Stored dataset items:
╔══

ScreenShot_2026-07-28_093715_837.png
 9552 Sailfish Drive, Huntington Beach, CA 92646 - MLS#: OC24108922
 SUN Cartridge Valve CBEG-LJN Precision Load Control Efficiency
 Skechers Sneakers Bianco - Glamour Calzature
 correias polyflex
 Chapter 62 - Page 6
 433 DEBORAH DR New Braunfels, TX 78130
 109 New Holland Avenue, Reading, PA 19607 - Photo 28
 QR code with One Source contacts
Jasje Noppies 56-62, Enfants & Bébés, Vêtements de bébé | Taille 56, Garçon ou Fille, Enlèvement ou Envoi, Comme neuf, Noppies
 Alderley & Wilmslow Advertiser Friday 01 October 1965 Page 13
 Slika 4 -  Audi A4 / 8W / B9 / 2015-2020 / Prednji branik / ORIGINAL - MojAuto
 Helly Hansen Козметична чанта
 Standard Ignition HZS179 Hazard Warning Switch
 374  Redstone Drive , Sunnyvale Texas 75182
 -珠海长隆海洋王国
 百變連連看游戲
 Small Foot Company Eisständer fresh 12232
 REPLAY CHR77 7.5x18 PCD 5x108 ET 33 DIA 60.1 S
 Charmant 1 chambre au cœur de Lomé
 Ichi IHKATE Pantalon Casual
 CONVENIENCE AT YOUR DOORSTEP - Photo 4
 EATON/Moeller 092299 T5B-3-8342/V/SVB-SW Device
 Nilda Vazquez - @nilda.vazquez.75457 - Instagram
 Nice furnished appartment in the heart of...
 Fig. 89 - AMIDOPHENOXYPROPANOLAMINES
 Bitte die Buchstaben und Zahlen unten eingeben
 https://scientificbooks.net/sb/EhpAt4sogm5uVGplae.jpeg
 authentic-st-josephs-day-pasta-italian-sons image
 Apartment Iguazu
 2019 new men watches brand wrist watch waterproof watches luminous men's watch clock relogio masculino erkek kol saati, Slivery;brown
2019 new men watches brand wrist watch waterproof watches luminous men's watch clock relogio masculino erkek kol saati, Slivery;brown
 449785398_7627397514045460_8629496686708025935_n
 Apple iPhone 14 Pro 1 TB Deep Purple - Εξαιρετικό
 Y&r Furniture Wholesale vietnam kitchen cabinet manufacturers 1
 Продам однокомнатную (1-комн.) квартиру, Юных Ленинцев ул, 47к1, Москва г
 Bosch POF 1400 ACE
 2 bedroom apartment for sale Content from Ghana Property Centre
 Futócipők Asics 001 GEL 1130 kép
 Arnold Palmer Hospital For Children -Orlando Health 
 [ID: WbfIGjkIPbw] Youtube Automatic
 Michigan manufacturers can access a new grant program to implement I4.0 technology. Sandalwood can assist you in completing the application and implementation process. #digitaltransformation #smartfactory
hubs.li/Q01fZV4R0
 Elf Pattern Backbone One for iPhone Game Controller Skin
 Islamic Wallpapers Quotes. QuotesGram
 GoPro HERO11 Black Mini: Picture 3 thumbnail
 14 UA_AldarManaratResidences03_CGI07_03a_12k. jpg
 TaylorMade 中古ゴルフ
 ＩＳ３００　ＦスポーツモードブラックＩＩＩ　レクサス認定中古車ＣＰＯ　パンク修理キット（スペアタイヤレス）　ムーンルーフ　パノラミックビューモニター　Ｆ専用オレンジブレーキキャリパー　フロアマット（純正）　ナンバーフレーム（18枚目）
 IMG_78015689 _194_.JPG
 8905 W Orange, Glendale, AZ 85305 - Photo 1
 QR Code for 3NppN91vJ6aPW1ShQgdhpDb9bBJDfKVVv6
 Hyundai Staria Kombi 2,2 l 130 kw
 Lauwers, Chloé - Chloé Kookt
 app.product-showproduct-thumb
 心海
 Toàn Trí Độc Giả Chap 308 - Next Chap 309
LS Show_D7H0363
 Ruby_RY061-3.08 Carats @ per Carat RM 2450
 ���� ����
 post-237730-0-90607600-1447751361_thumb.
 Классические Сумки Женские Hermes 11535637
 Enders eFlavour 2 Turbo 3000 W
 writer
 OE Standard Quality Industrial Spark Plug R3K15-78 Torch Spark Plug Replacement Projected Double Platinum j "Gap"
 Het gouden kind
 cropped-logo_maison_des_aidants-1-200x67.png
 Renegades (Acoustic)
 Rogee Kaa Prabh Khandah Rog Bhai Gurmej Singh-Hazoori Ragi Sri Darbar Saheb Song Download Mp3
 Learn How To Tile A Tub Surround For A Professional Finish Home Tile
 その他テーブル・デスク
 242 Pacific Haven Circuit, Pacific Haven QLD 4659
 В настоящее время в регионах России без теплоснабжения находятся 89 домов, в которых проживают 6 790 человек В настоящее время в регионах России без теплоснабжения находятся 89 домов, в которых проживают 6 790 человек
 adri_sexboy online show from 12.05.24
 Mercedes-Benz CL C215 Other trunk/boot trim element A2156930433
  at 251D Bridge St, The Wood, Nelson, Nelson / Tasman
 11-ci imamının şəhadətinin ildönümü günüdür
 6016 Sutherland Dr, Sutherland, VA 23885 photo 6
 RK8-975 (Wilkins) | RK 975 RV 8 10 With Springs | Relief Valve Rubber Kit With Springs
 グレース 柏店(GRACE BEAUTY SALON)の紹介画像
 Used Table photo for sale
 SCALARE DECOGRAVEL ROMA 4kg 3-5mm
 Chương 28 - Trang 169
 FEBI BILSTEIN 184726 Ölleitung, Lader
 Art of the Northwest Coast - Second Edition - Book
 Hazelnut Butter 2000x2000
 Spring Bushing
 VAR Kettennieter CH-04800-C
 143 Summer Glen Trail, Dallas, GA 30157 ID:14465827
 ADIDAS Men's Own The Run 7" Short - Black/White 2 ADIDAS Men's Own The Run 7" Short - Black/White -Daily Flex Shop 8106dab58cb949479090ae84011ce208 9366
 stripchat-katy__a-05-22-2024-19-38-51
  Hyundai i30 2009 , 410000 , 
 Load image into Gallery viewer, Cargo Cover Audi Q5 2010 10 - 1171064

╚══

Action item: Find "GoPro HERO11 Black Mini: Picture 3 thumbnail" in the entries above and copy that whole line exactly, then each line after it through the line that contains "6016 Sutherland Dr, Sutherland, VA".

Exercise solution:
 GoPro HERO11 Black Mini: Picture 3 thumbnail
 14 UA_AldarManaratResidences03_CGI07_03a_12k. jpg
 TaylorMade 中古ゴルフ
 ＩＳ３００　ＦスポーツモードブラックＩＩＩ　レクサス認定中古車ＣＰＯ　パンク修理キット（スペアタイヤレス）　ムーンルーフ　パノラミックビューモニター　Ｆ専用オレンジブレーキキャリパー　フロアマット（純正）　ナンバーフレーム（18枚目）
 IMG_78015689 _194_.JPG
 8905 W Orange, Glendale, AZ 85305 - Photo 1
 QR Code for 3NppN91vJ6aPW1ShQgdhpDb9bBJDfKVVv6
 Hyundai Staria Kombi 2,2 l 130 kw
 Lauwers, Chloé - Chloé Kookt
 app.product-showproduct-thumb
 心海
 Toàn Trí Độc Giả Chap 308 - Next Chap 309
LS Show_D7H0363
 Ruby_RY061-3.08 Carats @ per Carat RM 2450
 ���� ����
 post-237730-0-90607600-1447751361_thumb.
 Классические Сумки Женские Hermes 11535637
 Enders eFlavour 2 Turbo 3000 W
 writer
 OE Standard Quality Industrial Spark Plug R3K15-78 Torch Spark Plug Replacement Projected Double Platinum j "Gap"
 Het gouden kind
 cropped-logo_maison_des_aidants-1-200x67.png
 Renegades (Acoustic)
 Rogee Kaa Prabh Khandah Rog Bhai Gurmej Singh-Hazoori Ragi Sri Darbar Saheb Song Download Mp3
 Learn How To Tile A Tub Surround For A Professional Finish Home Tile
 その他テーブル・デスク
 242 Pacific Haven Circuit, Pacific Haven QLD 4659
 В настоящее время в регионах России без теплоснабжения находятся 89 домов, в которых проживают 6 790 человек В настоящее время в регионах России без теплоснабжения находятся 89 домов, в которых проживают 6 790 человек
 adri_sexboy online show from 12.05.24
 Mercedes-Benz CL C215 Other trunk/boot trim element A2156930433
  at 251D Bridge St, The Wood, Nelson, Nelson / Tasman
 11-ci imamının şəhadətinin ildönümü günüdür
 6016 Sutherland Dr, Sutherland, VA 23885 photo 6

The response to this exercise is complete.